INFORMATION SHOWN START
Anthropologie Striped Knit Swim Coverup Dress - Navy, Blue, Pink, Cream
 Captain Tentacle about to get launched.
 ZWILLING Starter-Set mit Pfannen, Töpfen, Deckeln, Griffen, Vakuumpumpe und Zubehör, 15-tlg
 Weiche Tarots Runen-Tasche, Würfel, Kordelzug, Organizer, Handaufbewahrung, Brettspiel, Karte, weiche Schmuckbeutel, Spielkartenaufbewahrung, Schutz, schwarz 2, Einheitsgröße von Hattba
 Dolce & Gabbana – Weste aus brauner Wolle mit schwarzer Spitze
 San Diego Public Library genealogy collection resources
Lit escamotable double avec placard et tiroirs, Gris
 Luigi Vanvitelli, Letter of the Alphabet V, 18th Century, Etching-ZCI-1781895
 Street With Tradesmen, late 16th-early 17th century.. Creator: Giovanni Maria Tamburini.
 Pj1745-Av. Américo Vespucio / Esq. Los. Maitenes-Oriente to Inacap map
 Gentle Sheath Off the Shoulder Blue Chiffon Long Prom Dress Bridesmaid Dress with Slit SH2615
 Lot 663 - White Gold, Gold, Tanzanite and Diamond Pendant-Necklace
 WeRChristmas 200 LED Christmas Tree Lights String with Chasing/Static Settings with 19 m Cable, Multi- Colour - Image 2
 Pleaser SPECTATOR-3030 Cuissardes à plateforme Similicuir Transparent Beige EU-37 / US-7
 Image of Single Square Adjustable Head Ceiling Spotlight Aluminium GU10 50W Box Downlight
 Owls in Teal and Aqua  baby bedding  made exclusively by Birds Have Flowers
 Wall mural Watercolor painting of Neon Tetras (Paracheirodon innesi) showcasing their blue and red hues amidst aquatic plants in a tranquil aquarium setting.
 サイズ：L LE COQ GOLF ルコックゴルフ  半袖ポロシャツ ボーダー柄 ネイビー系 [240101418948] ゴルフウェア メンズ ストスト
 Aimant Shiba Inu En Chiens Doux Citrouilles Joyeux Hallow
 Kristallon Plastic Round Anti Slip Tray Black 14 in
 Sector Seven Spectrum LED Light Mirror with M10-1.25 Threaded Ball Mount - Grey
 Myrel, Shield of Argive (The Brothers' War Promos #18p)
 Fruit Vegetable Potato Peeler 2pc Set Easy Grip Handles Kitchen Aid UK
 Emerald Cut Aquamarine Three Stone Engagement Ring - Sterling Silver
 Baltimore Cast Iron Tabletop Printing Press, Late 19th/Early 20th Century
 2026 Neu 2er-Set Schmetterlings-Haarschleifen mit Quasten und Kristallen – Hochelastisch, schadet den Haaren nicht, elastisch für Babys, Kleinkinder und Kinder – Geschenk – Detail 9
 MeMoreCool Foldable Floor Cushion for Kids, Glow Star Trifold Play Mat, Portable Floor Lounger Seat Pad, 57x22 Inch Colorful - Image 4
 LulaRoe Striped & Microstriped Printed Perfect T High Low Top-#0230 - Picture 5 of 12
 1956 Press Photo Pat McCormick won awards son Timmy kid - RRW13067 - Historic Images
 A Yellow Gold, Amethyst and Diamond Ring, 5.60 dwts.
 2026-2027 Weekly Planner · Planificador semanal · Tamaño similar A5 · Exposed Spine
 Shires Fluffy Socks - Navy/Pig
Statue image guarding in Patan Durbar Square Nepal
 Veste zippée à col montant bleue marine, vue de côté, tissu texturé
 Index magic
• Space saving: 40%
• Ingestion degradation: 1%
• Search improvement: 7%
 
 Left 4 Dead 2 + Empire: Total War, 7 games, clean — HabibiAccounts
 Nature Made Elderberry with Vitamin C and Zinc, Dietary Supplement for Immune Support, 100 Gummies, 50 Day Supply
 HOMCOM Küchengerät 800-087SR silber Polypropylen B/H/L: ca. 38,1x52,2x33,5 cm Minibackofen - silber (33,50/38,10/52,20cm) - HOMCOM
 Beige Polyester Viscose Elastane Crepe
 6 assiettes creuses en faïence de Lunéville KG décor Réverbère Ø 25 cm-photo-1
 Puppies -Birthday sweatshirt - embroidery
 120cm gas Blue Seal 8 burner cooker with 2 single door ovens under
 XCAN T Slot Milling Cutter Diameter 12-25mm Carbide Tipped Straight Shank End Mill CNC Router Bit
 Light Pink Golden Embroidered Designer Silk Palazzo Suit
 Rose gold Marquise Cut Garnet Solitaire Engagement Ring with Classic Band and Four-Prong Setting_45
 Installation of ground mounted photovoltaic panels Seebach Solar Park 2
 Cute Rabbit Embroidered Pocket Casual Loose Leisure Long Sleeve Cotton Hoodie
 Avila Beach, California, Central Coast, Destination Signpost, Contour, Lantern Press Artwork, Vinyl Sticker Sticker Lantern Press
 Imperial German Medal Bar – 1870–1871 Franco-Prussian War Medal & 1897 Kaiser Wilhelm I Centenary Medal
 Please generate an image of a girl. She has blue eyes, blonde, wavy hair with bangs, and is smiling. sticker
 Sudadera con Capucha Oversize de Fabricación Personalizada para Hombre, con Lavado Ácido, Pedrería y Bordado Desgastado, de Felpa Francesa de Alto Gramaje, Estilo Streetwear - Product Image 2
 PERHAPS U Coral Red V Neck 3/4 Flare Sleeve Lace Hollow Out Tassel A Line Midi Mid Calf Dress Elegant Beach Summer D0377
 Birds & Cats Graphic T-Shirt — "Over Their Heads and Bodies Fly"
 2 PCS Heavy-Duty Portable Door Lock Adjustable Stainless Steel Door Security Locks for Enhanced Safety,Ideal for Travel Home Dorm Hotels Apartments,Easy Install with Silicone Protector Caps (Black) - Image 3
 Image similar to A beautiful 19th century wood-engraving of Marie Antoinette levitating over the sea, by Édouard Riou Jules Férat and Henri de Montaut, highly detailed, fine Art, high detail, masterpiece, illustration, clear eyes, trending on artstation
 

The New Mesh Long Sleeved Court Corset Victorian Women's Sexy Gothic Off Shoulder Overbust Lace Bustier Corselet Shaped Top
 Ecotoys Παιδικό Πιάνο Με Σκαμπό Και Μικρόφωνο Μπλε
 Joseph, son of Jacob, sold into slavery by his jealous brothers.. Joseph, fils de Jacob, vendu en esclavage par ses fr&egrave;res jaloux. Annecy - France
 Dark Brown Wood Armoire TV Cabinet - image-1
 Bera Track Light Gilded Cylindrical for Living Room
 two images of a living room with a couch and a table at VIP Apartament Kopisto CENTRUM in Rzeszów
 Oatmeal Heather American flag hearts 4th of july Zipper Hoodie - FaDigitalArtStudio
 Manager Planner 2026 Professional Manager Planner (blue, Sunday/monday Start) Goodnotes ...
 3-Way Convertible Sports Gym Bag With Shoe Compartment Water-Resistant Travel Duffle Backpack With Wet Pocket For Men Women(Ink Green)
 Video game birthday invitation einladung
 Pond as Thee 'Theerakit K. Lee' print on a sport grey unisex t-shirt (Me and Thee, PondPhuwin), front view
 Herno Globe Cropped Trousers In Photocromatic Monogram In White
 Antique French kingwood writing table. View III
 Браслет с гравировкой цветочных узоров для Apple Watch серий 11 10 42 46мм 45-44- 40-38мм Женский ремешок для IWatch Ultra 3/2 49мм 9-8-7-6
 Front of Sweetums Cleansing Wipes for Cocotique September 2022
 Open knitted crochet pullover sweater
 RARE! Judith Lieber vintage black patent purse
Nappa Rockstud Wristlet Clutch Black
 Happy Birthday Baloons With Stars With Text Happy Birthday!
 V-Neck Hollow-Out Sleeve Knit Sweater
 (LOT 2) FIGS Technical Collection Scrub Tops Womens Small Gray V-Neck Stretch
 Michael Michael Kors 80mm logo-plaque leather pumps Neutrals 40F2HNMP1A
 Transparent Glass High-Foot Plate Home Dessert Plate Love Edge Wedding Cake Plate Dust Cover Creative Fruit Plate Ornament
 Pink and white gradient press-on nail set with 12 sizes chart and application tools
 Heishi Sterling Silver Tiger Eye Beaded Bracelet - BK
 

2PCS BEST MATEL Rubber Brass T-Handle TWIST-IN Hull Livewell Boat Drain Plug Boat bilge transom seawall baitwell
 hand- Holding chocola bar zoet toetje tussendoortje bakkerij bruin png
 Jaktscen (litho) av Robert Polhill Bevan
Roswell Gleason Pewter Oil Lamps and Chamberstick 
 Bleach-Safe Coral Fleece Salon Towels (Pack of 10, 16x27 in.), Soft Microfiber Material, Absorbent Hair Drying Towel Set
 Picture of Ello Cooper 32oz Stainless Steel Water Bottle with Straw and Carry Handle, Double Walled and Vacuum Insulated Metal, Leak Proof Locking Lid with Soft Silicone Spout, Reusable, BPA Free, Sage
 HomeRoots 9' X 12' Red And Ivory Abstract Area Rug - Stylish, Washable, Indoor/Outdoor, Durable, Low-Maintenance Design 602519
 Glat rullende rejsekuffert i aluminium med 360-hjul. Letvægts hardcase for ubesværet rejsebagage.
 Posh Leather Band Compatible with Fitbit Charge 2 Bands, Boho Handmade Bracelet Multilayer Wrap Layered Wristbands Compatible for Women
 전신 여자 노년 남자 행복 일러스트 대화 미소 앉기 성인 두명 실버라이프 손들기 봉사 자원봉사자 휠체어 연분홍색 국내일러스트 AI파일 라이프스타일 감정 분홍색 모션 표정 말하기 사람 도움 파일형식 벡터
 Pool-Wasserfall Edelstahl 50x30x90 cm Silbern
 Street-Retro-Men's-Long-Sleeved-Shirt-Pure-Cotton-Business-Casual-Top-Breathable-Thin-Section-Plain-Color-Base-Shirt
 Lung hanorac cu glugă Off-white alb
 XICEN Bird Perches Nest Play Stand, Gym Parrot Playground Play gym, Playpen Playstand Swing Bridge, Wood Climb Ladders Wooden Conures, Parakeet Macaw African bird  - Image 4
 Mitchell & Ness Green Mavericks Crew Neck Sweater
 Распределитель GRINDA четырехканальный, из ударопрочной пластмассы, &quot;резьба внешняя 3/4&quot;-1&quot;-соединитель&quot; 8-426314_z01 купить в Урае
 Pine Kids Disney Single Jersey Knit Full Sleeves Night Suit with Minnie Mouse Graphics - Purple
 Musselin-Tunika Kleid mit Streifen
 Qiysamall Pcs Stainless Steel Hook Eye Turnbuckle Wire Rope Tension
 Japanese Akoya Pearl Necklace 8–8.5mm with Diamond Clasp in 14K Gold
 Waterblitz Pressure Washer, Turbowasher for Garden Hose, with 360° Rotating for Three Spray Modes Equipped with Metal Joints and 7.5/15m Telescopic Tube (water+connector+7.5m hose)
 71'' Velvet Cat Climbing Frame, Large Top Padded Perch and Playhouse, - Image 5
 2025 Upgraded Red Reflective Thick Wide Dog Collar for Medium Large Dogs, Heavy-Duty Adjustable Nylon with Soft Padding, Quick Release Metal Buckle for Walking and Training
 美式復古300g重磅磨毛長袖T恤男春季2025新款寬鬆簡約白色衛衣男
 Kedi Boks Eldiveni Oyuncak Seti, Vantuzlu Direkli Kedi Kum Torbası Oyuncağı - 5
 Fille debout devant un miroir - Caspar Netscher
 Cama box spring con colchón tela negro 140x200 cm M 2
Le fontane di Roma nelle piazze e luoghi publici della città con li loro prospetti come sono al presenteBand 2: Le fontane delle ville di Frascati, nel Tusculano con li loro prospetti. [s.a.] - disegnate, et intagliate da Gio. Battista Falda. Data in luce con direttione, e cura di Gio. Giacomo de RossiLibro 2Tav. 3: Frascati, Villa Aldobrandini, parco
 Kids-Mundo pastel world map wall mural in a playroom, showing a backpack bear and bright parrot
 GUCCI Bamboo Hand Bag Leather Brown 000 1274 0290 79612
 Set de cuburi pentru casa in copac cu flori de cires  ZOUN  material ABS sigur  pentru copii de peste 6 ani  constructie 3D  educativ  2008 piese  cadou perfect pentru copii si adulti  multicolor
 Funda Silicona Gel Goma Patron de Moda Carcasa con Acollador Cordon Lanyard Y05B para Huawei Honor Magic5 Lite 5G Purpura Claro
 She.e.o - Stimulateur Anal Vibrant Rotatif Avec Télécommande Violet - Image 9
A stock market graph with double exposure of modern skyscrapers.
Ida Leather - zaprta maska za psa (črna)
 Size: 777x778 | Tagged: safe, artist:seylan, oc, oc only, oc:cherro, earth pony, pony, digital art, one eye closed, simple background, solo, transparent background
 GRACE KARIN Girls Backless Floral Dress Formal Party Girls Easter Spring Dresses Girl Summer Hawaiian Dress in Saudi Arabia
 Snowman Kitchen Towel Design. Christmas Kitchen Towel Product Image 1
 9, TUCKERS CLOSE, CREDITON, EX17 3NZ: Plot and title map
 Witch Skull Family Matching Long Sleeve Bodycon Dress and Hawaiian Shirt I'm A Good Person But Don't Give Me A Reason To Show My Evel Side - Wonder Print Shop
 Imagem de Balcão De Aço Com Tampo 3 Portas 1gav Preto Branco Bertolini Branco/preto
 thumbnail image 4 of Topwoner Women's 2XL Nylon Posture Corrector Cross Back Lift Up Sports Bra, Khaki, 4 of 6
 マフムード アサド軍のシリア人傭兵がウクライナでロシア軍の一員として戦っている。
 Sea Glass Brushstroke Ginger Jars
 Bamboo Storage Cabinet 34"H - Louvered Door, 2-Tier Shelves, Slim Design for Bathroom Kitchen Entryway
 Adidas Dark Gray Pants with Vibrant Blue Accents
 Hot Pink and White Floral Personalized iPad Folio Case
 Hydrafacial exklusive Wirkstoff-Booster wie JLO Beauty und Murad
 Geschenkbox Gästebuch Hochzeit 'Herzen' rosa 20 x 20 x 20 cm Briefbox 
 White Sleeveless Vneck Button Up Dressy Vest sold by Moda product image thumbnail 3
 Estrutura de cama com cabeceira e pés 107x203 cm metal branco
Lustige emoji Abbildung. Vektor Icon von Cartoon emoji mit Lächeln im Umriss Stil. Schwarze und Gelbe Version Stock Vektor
INFORMATION SHOWN END
### WHAT TO DO
Reproduce exactly the stretch of the material above that starts at the line with "Image similar to" and ends at the line with "Ecotoys Παιδικό Πιάνο", both included, and nothing else.

### RESPONSE TO THE TASK
 Image similar to A beautiful 19th century wood-engraving of Marie Antoinette levitating over the sea, by Édouard Riou Jules Férat and Henri de Montaut, highly detailed, fine Art, high detail, masterpiece, illustration, clear eyes, trending on artstation
 

The New Mesh Long Sleeved Court Corset Victorian Women's Sexy Gothic Off Shoulder Overbust Lace Bustier Corselet Shaped Top
 Ecotoys Παιδικό Πιάνο Με Σκαμπό Και Μικρόφωνο Μπλε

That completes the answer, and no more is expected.